Die Franziskaner leben, wie alle Bettelorden, in Armut und verdienen ihren Lebensunterhalt durch Arbeiten handwerklicher, sozialer, pastoraler und pädagogischer Art. Franziskus von Assisi schreibt in seinem Testament an seine Brüder: „Ich arbeitete mit meinen Händen und will arbeiten; und es ist mein fester Wille, dass alle anderen Brüder eine Handarbeit verrichten, die ehrbar ist. Die es nicht können, sollen es lernen […]“. Auch Betteln diente dem Lebensunterhalt der Brüder.
Ein wichtiger Bestandteil des franziskanischen Lebens war die Seelsorge, die sie intensiver betrieben als andere kontemplative Orden. Daher siedelten sie sich vornehmlich dort an, wo der Bedarf an geistiger Fürsorge am größten war, in den langsam aufblühenden Städten. Da sie dennoch die notwendige Distanz zur laikalen Welt wahrten, können ihre Spuren vor allem in städtischen Randgebieten gefunden werden.
Gottes Wort vom Frieden und der Erlösung sollen sie vor allem durch ihr Beispiel, aber auch durch das Predigen verkünden. Die Predigt erlangt durch ihr vorbildliches apostolisches Leben, die vita apostolica, gewissermaßen eine höhere Glaubwürdigkeit. Das Leben der Franziskanerbrüder war und ist sehr bescheiden. Der Selbstanspruch, ein bewusstes Leben mit der Schöpfung zu führen, hängt eng mit der Abkehr von irdischem Reichtum zusammen. Durch die Betonung dieses Aspektes erlangen die Franziskaner seit Beginn der ökologischen Bewegung in den 1980er-Jahren ein verstärktes Ansehen. Papst Franziskus wählte 2015 für seine Enzyklika Laudato si'. Über die Sorge für das gemeinsame Haus zum Thema Umwelt- und Klimaschutz als Titel und Incipit den Anfang des Sonnengesangs des heiligen Franziskus.

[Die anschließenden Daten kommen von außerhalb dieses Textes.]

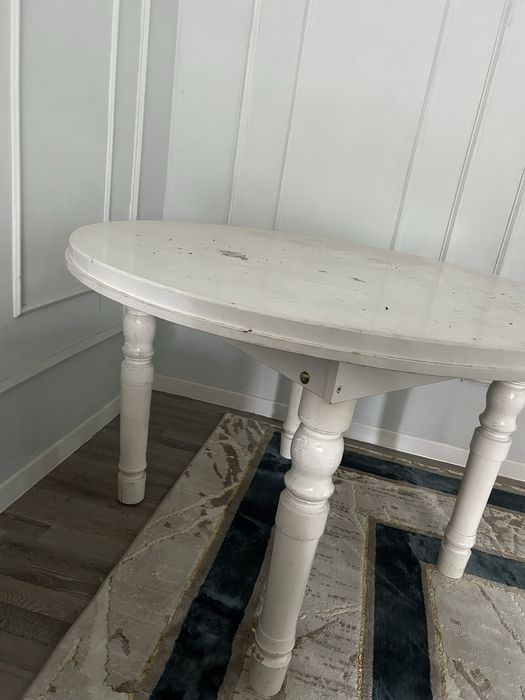 Продам стол круглый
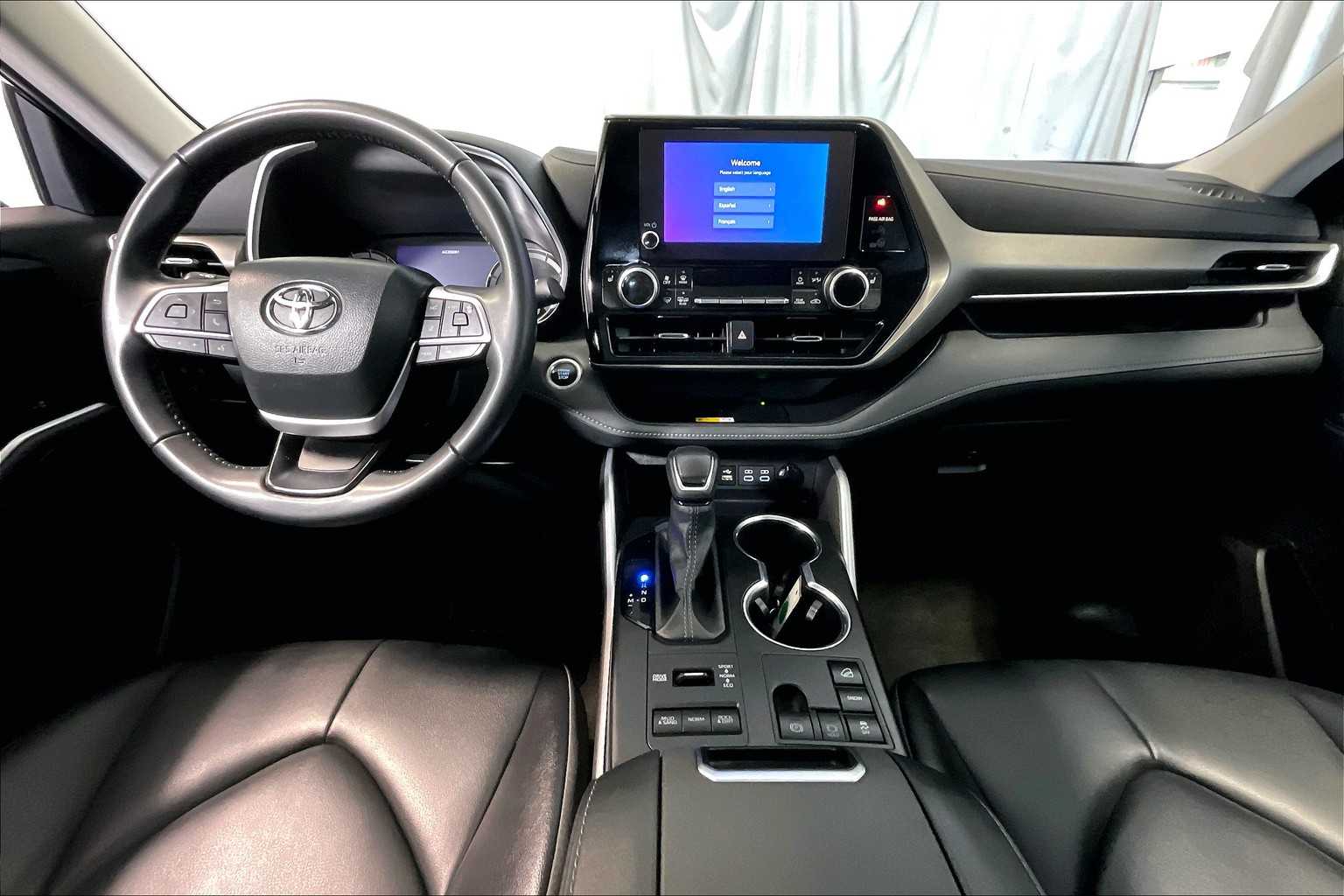used 2024 Toyota Highlander car, priced at $42,805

Die Kirchen der Franziskaner sind als Bettelordenskirchen eher schlicht gehalten und beherbergen kaum Kunstschätze. Bemerkenswert ist allerdings die Größe der Bauten, die notwendig war, um die wachsenden Stadtbevölkerungen seelsorglich zu versorgen.
Das Taukreuz, auch bekannt als das Antoniuskreuz, ist das von Franz von Assisi gewählte Kennzeichen des Ordens. Er verstand es als Segenszeichen und verwendete es selbst als Unterschrift. Die Franziskanerknoten zieren das Ende der Kordel, die Zingulum genannt wird und mit der der Habit zusammengebunden wird. Es sind drei mehrfache Überhandknoten und symbolisieren die drei Evangelischen Räte der Armut, der Ehelosigkeit und des Gehorsams, zu denen sich jeder Franziskaner in der Profess verpflichtet.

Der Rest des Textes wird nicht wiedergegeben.